"""

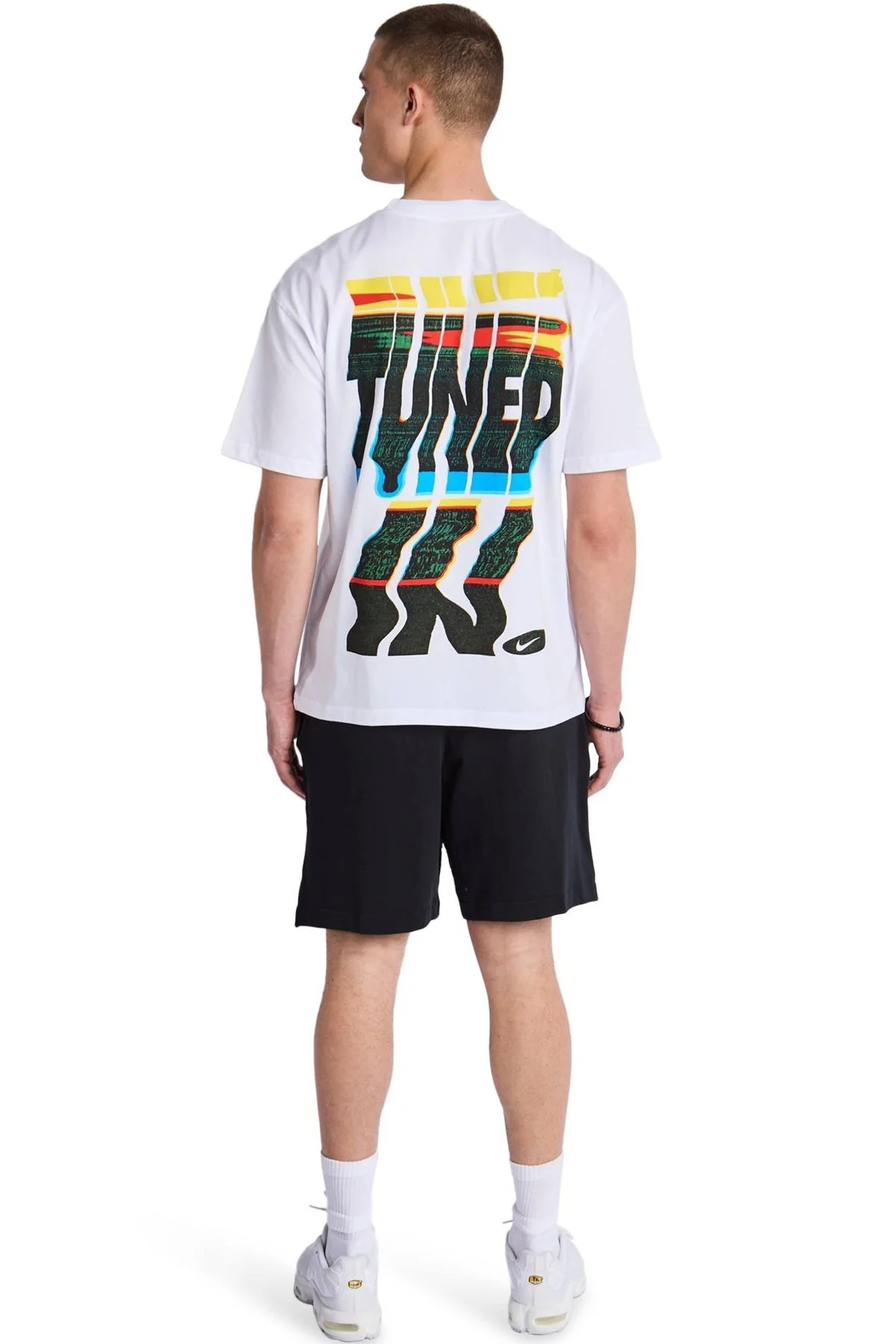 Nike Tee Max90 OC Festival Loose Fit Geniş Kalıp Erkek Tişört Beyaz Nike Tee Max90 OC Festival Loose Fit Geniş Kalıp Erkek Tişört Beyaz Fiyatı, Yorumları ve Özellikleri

"""
"""

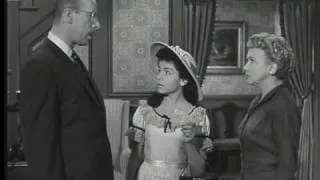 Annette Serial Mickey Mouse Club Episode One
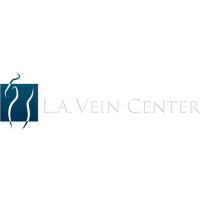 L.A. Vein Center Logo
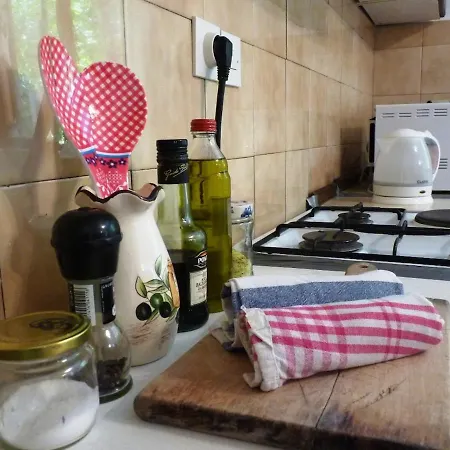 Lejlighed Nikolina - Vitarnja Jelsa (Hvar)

"""

■ Work task: In the data above, start at the line holding "L.A. Vein Center Logo" and stop after the line holding "Lejlighed Nikolina - Vitarnja Jelsa (Hvar)"; write out those lines exactly, without pictures.

■ Solution to this task:
 L.A. Vein Center Logo
 Lejlighed Nikolina - Vitarnja Jelsa (Hvar)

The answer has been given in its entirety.